Given that both GPP and ACH are chronic and incurable conditions, achieving long-term therapeutic control becomes crucial to prevent complications. At present, there is a lack of standardized treatment guidelines for both ACH and GPP. Various biologics have been attempted for GPP, but their success rates have been inconsistent (5–7). On the other hand, managing ACH poses significant challenges as it commonly exhibits resistance to therapy. Notably, even within the same patient, the treatment response of ACH tends to be inferior to that of GPP (3, 8).

Recent studies have indicated that innate immune inflammation primarily underlies the pathogenesis of GPP, with a crucial role played by the activation of the IL-36 signaling axis (9, 10). Overactivation of IL-36 signaling and dysregulation of inflammatory cytokines released by keratinocytes contribute to the recruitment of neutrophils in the epidermis (11). Notably, mutations in the IL-36RN gene, responsible for encoding the IL-36RA, are commonly observed in both GPP and ACH patients (12, 13). Furthermore, a few GPP patients have also been found to have variants in AP1S3, a gene encoding the adaptor-related protein complex 1, sigma-3 subunit, leading to hyperactivation of tumor necrosis factor (TNF) and increased IL36α expression (14, 15). Interestingly, these variants are also observed in some ACH patients (13, 16), suggesting a shared pathogenesis between GPP and ACH, with the IL-36 signaling pathway being a potential therapeutic target. The recent approval of spesolimab, the first anti-interleukin-36 receptor (IL-36R) biologic, for the treatment of GPP flares in 2022 has shown promising results (17, 18). In this context, we present a case study of a Chinese male with concurrent ACH and GPP, who exhibited successful treatment outcomes with spesolimab after prior treatment failures with adalimumab and secukinumab.

In August 2020, the patient was hospitalized with a diagnosis of GPP, as generalized pustules reappeared accompanied by leucocytosis and elevated C-reactive protein (CRP) levels (Figures 1A–D). A loading dose of 80mg of adalimumab was prescribed, followed by a subsequent dose of 40mg every 4 weeks, which led to a significant improvement in skin lesions within 3 weeks.
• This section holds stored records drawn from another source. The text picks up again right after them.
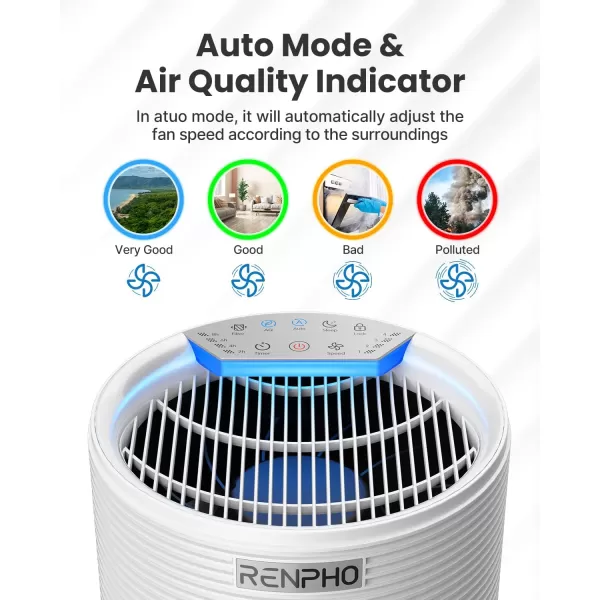 RENPHO Large Room Air Purifier 960 Ft Air Quality Monitor Smart AutoSleep Mode True HEPA Filter Home Air Purifier for Smokers Pet Hairs Pollen Dust Eliminator 100 Ozone FreeTimerSafety lockWhite  Large Room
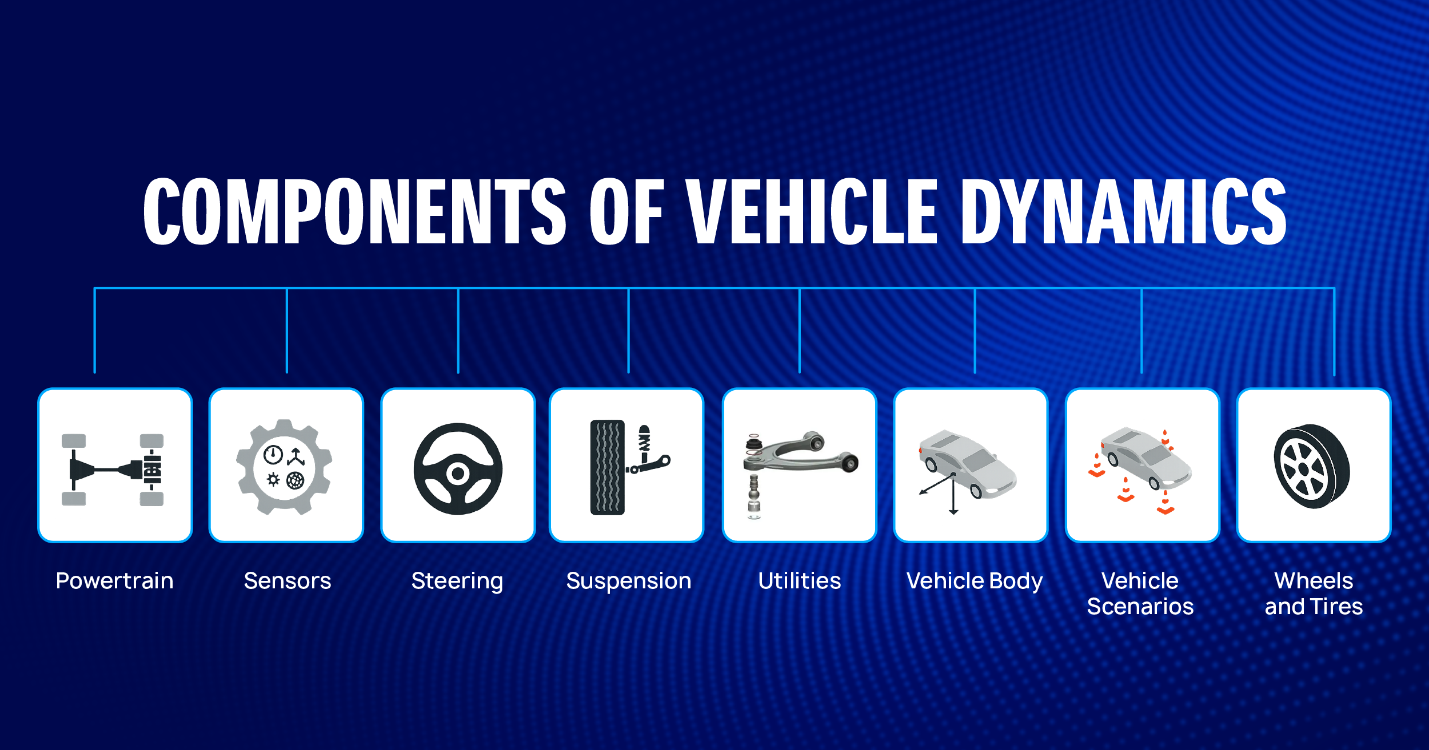 Components of Vehicle Dynamics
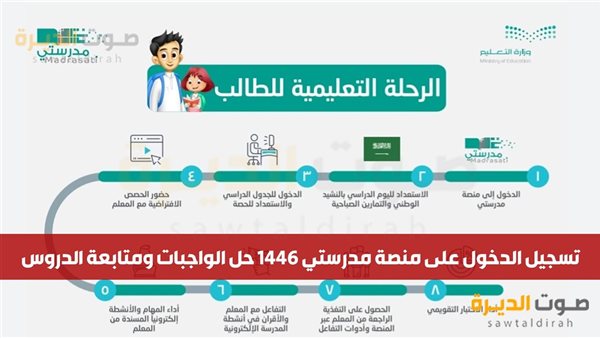 أحدث طرق تسجيل الدخول في منصة مدرستي 1446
Despite occasional recurrences of the psoriasis rash due to stress or respiratory infection during 15 months of treatment, the nail lesions persisted (Figure 1B). Adalimumab was then discontinued, and the patient’s treatment was switched to a loading dose of 300 mg of secukinumab every week for 5 weeks, followed by a monthly dose of 150 mg, in accordance with the Chinese guidelines for the use of biologic agents in the treatment of psoriasis (19). Improvement was observed 2 weeks after the initial injection, and after three months of treatment, the skin lesions were nearly completely resolved (Figure 1C). However, the patient’s nail lesions remained unresponsive to treatment. As a result, secukinumab treatment was discontinued six months later due to its high cost, and the patient was switched back to adalimumab. Within 2 months, he experienced a worsening of the skin lesions and was transferred to our hospital.

Figure 1 (A) The timeline of the GPPASI score and mNAPSI score during treatment with different biologics. (B) Periungual erythema, periungual and subungual pustules and onychodystrophy on swollen distal fingers in different periods. (C) Skin lesions on the trunk and both lower limbs and variation in the WBC and CRP. GPPASI, generalized pustular psoriasis area and severity index; mNAPSI, modified nail psoriasis severity index; WBC, white blood cells; CRP, C-reactive protein.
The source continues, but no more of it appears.